Creo que esta infelicidad se debe en gran medida a conceptos del mundo erróneos, a éticas erróneas, a hábitos de vida erróneos, que conducen a la destrucción de ese entusiasmo natural, ese apetito de cosas posibles del que depende toda felicidad, tanto la de las personas como la de los animales. Se trata de cuestiones que están dentro de las posibilidades del individuo, y me propongo sugerir ciertos cambios, mediante los cuales, con un grado normal de buena suerte, se puede alcanzar esta felicidad.
[...] El que ha conseguido liberarse de la tiranía de las preocupaciones descubre que la vida es mucho más alegre que cuando estaba perpetuamente irritado.
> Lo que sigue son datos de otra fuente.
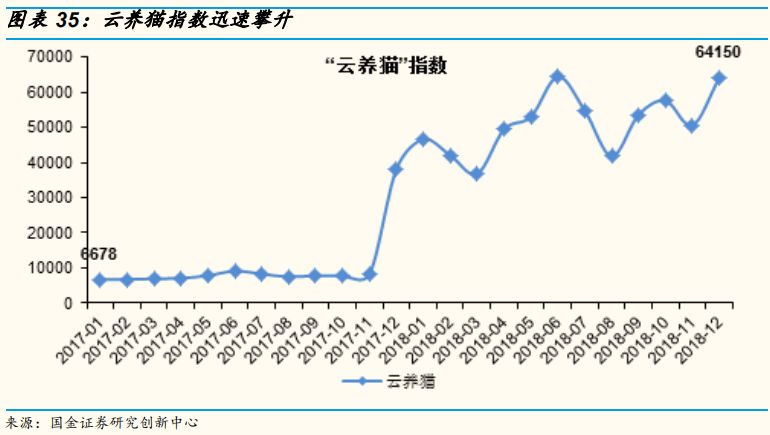 新生代貓奴畫像：8090後、一二線女人上班族，愛看動漫愛刷劇 寵物 第16張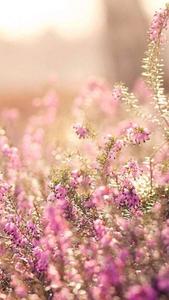 Elegant Floral Pretty Phone Background pretty phone wallpaper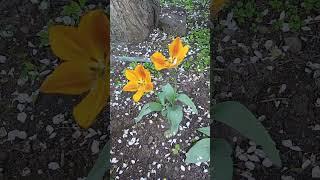 Flowers #nature #bloom #joyoflife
Las idiosincracias personales de sus conocidos, que antes le sacaban de quicio, ahora parecen simplemente graciosas.
[...] Si se le rompe el cordón del zapato justo cuando tiene que correr para tomar el tren de la mañana, pensará, despues de soltar los tacos pertinentes, que el incidente en cuestión no tiene demasiada importancia en la historia del cosmos. Si un vecino pesado le interrumpe cuando está a punto de proponerle matrimonio a una chica, pensará que a toda la humanidad le han ocurrido desastres semenjantes, exceptuando a Adán, e incluso él tuvo sus problemas. No hay límites a lo que se puede hacer para consolarse de los pequeños contratiempos codiante extrañas analogías y curiosos paralelismos.